- Your instructions -
What is needed is an exact copy of every line from the one containing "LM | Amazing" through the end of the entries; please set it down without any pictures.
** Opening Data to examine block **
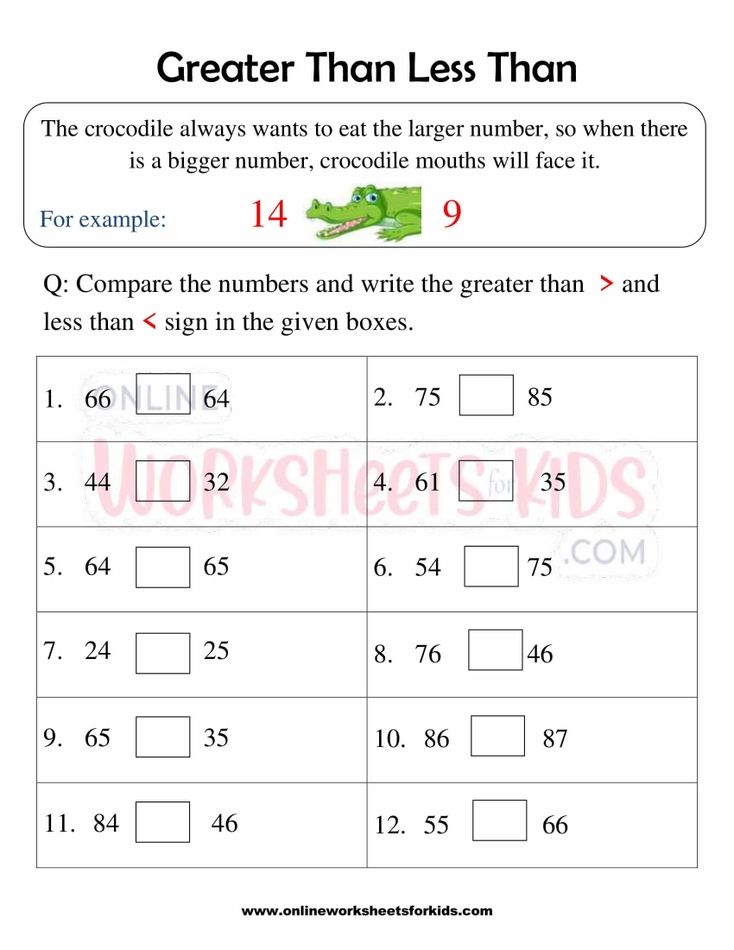 Greater Than Less Than Worksheets First Grade 10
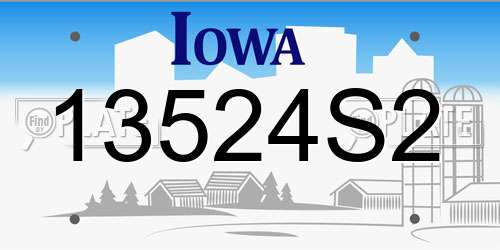 13524S2 Iowa License Plate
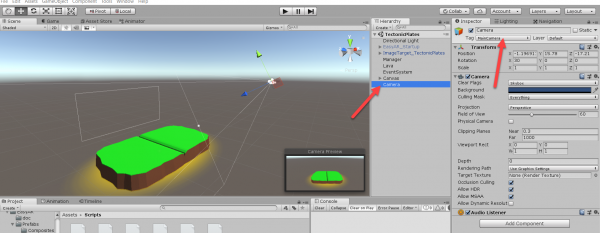 Unity Camera object as seen in Hierarchy and Inspector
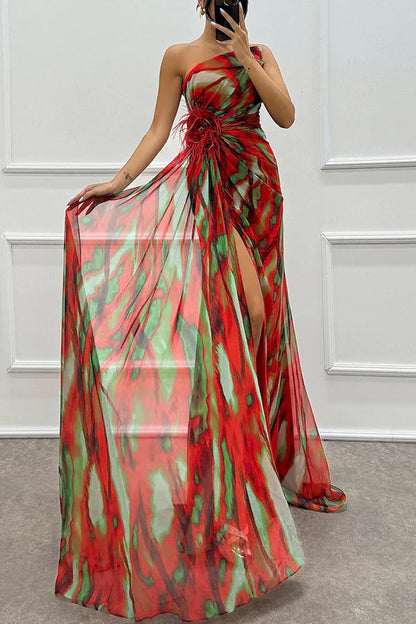 LM | Amazing Views Watercolor Print Feather Rose Detail Off Shoulder Pleated Slit Maxi Dress
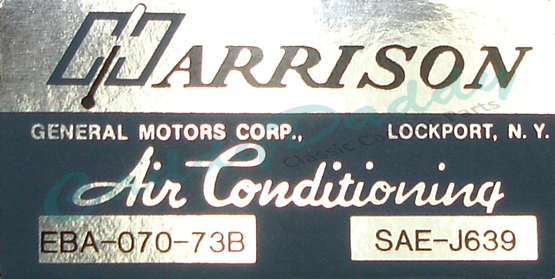 1973 Cadillac Harrison Air Conditioning Evaporator Box Decal  REPRODUCTION
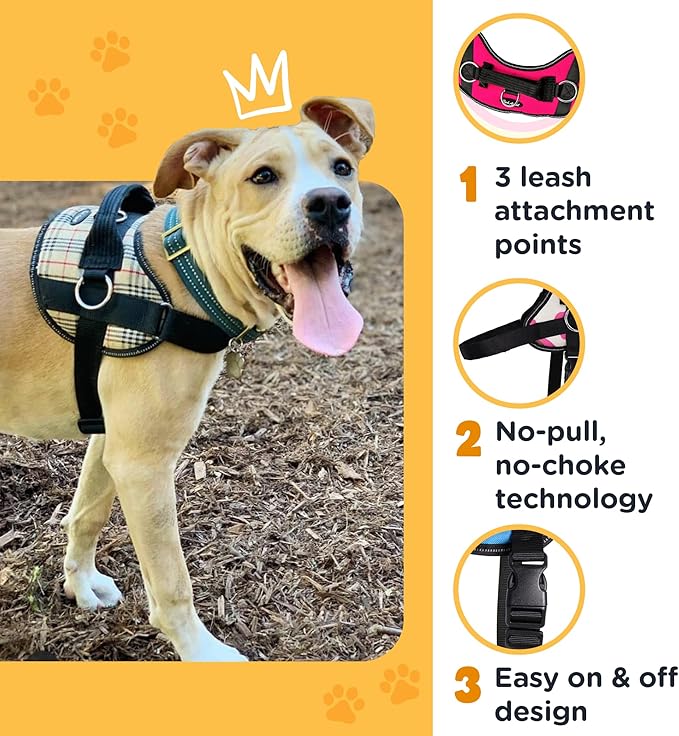 Bark Appeal Pink Hibiscus No-Pull Dog Harness for Medium to Large Sized Pets – Adjustable, Reflective Vest with 3 Leash Clips for Added Control, Easy Walks & Training – Large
** Closing Data to examine block **
- Response below -
 LM | Amazing Views Watercolor Print Feather Rose Detail Off Shoulder Pleated Slit Maxi Dress
 1973 Cadillac Harrison Air Conditioning Evaporator Box Decal  REPRODUCTION
 Bark Appeal Pink Hibiscus No-Pull Dog Harness for Medium to Large Sized Pets – Adjustable, Reflective Vest with 3 Leash Clips for Added Control, Easy Walks & Training – Large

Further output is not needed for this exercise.